** Opening Excerpted records block **
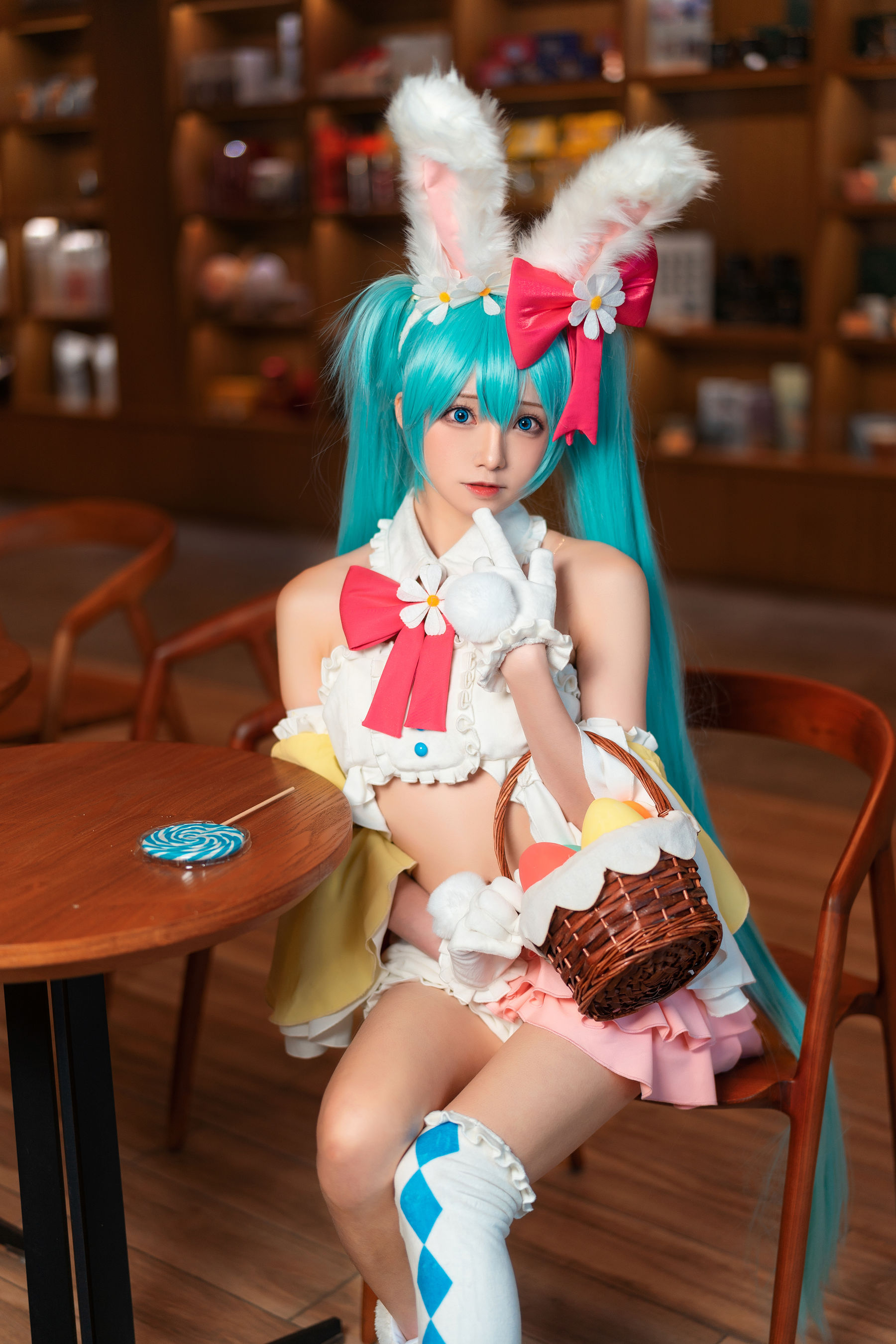 [网红COSER写真] 动漫博主Kitaro_绮太郎 – 初音兔女郎 套图-旭达资源网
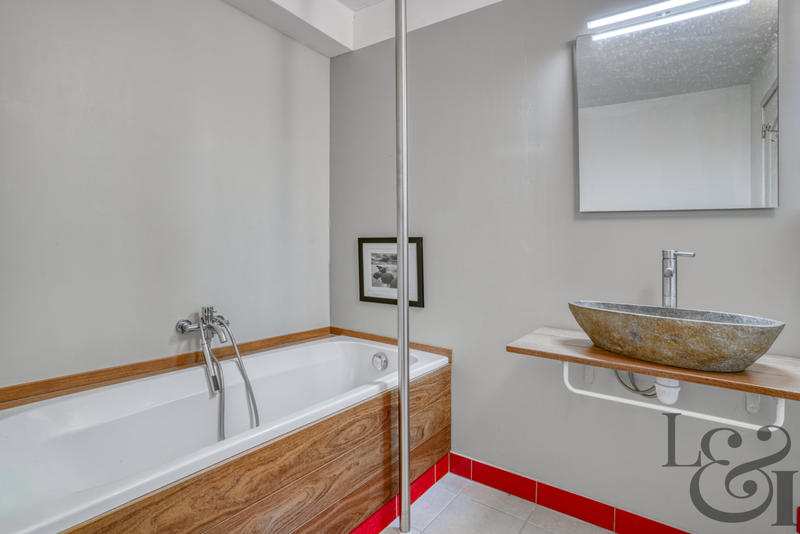 Maison - 145 m² - 6 pièces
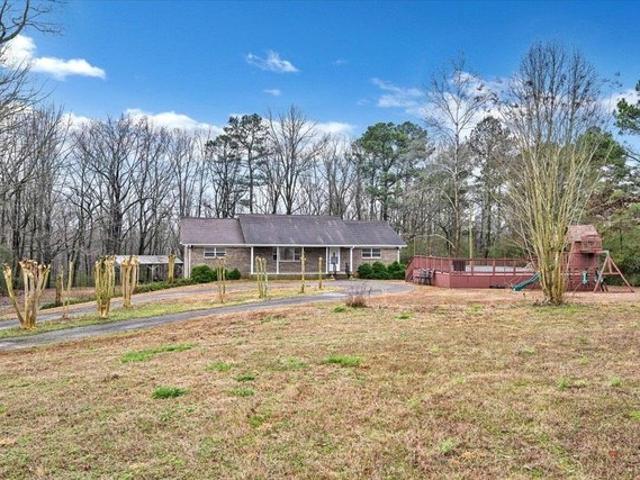 House for sale in Vinemont, Alabama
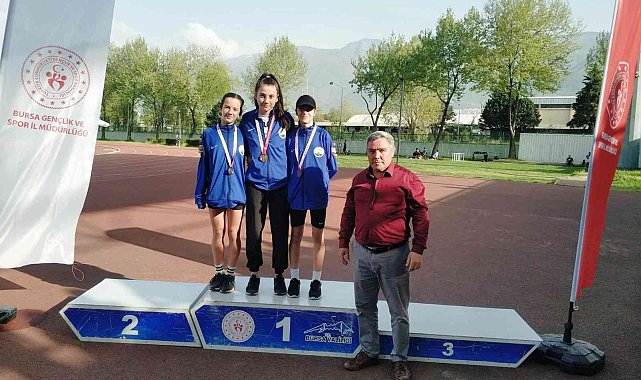 Osmangazili atletler zirveden inmiyor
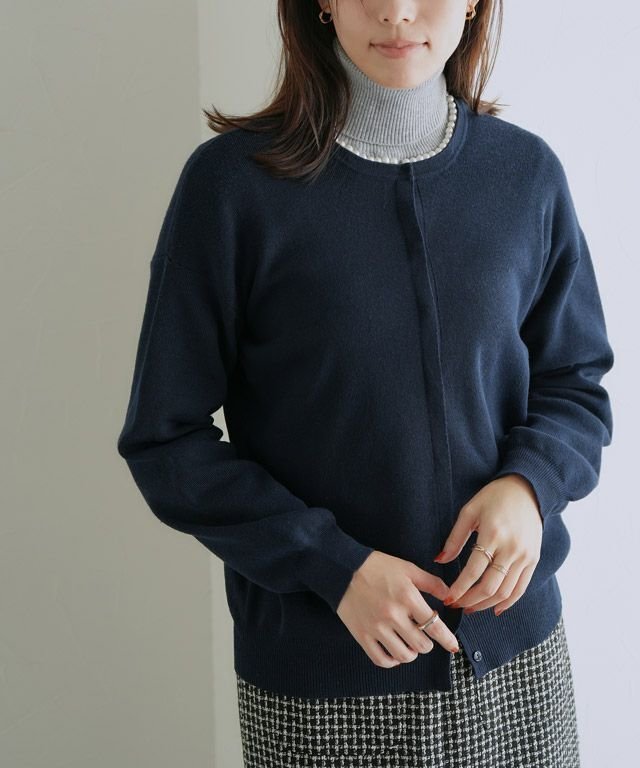 【ピエロ/Pierrot】のマルチwayコットンタッチニットカーディガン インテリア・キッズ・メンズ・レディースファッション・服の通販 founy(ファウニー) 　ファッション　Fashion　レディースファッション　Fashion for Women　トップス・カットソー　Cut & Sew Tops　ニット　Knit Tops & Sweaters　カーディガン・羽織り　Layered Style Cardigans　シンプル　Simple, Minimal　パール　Pearl, Pearl Accent　プチプライス・低価格　Affordable / Budget Price　夏　Summer　ネイビー|ID: prp329100004973439 ipo3291000000037290115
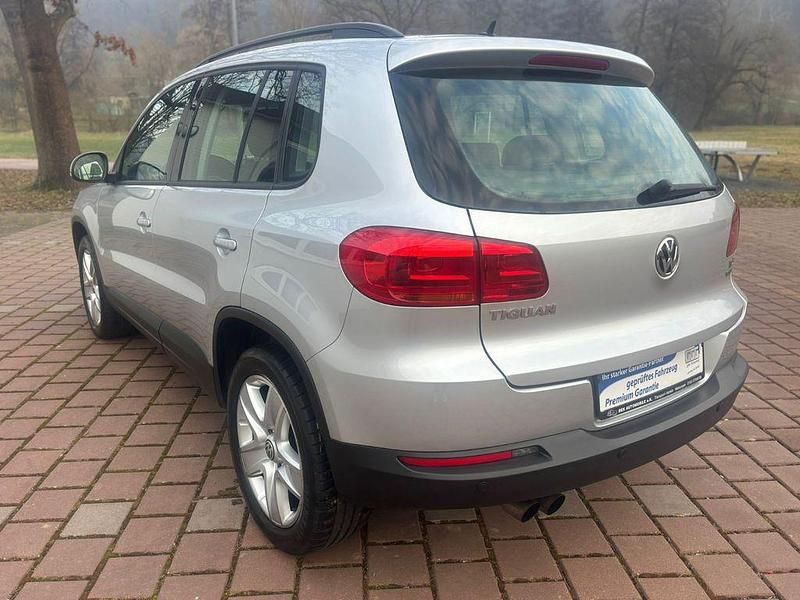 Gebraucht VW Tiguan Trendline 110 PS (80 kW) 2013 Silber SUV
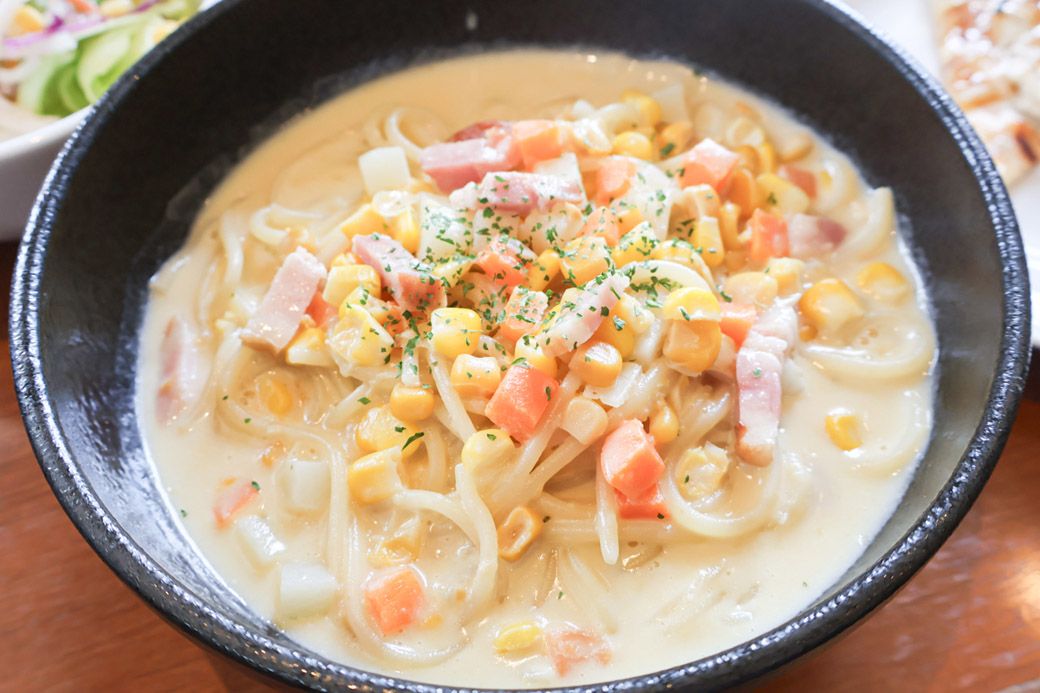 メインで頼んだモダンガール（878円）。乾麺か生麺か選べ、生麺タイプをセレクト。太めのもっちり麺だ（筆者撮影）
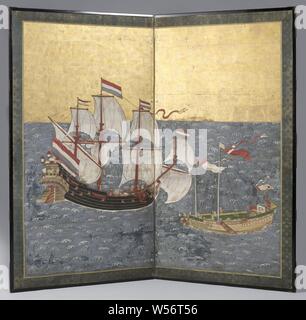 Japanische Bildschirm, Leinwand: Ein blaues Meer mit weißen, stilisierte Wellen, auf denen ein Schiff mit schwarzen Rumpf auf der linken Seite, 3 rote, 8 weiße Segel Masten und 5 niederländischen Flaggen in der oberen. Bild von einem Hirsch auf dem Rückspiegel. Unterschiedliche Zahlen an Deck und auf der Ra's. Auf der rechten Seite einer chinesischen Dschunke mit 2 Masten, gebügelten Segel, ein Schwert und ein paar rot-weißen Fahnen und Bannern. Verschiedene Figuren auf dem Deck. Am Bug und der Rumpf Dragon Head und Blumengirlanden. Grenze von Blau mit goldener Seide, Deshima, Dutch East India Company, Genkei - Schule Nagasaki, Nagasaki, C. 1759, Holz (Pflanzen), Seide, Papier Stockfoto
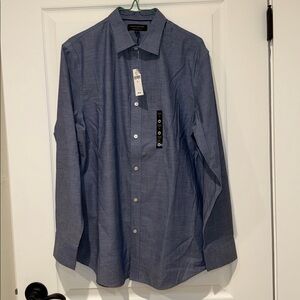 Banana republic dress shirt - Non iron classic fit M in medium blue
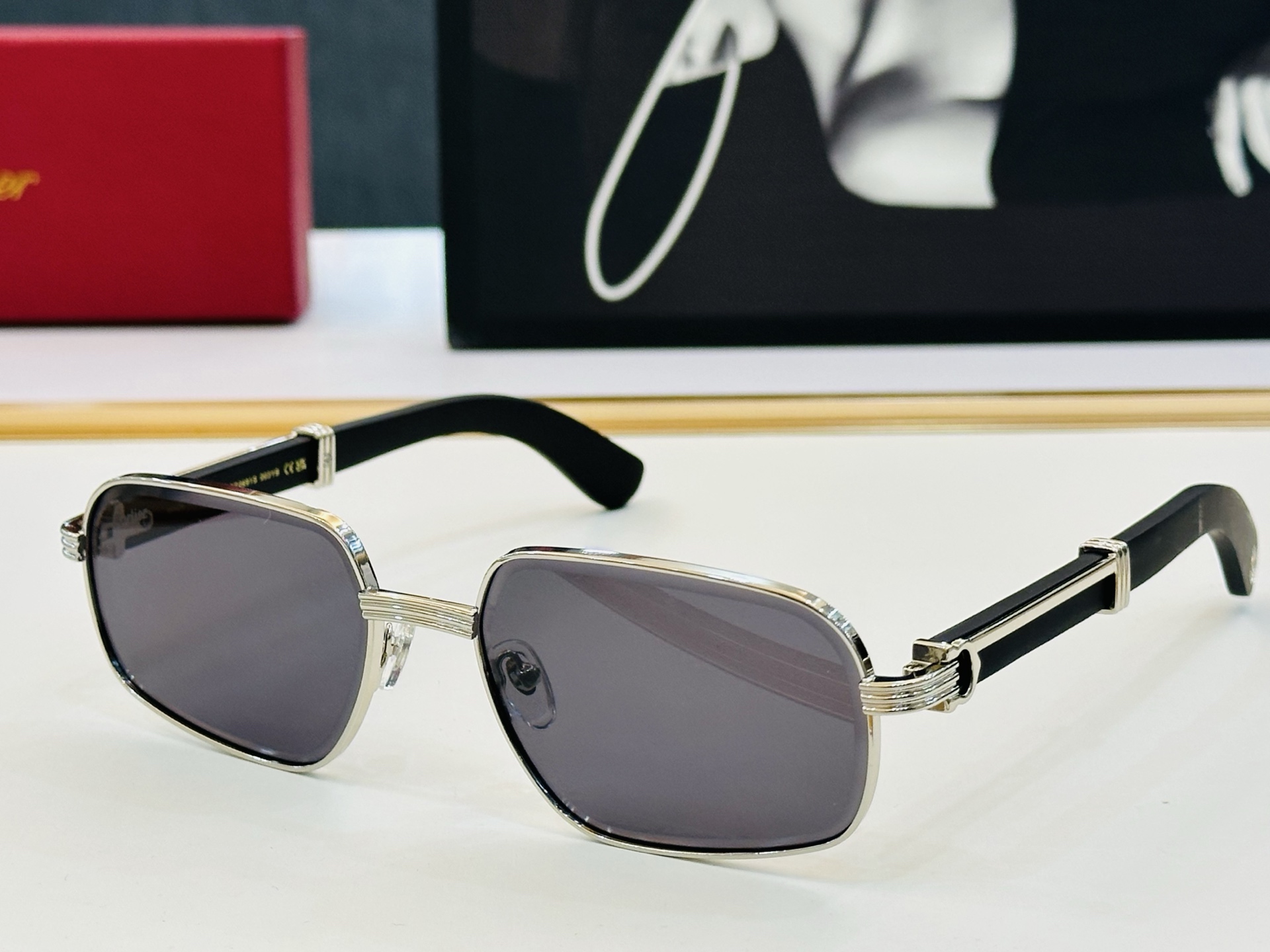 NO:372048,Original Cartie* Kajia Official Website Classic Sunglasses CT0691S Size59-Port 18- Exquisite Electroplating craftsmanship J is very elegant when worn!  glasses sunglasses sunglasses, glasses, cartier19860909原版Cartie* 卡家 官网经典款 太阳镜 CT0691S Size59口18- 电镀工艺精湛大牌品 J戴起来气质十足！ 眼镜墨镜太阳镜,眼镜,cartier,glasses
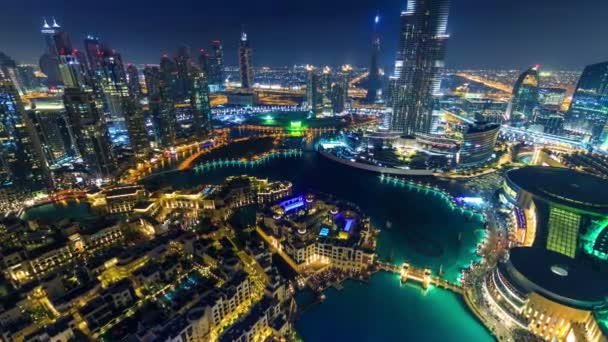 Dubai misical brunnen neben dem burj khalifa — Stockvideo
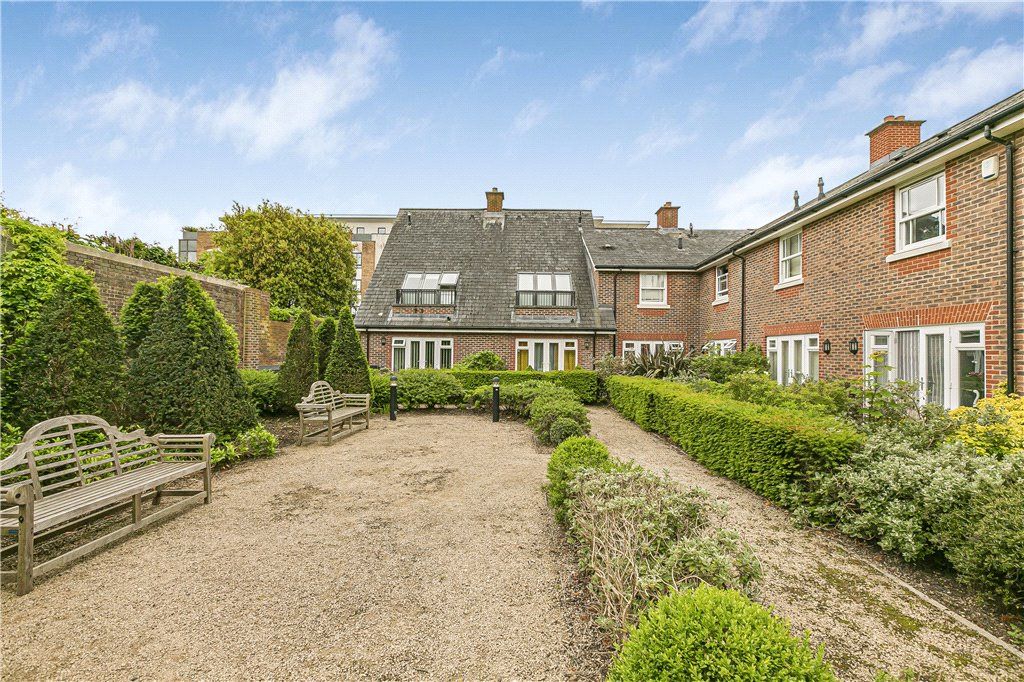 Property photo 1 of 25 Picture No. 20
** Closing Excerpted records block **
▶ Task to carry out:
Only the lines starting at the one with "Maison - 145 m² - 6 pièces" and ending at the one with "Osmangazili atletler zirveden inmiyor" should be printed, each exactly as it appears in the material above; the pictures are to be omitted.

▶ Reply to the task:
 Maison - 145 m² - 6 pièces
 House for sale in Vinemont, Alabama
 Osmangazili atletler zirveden inmiyor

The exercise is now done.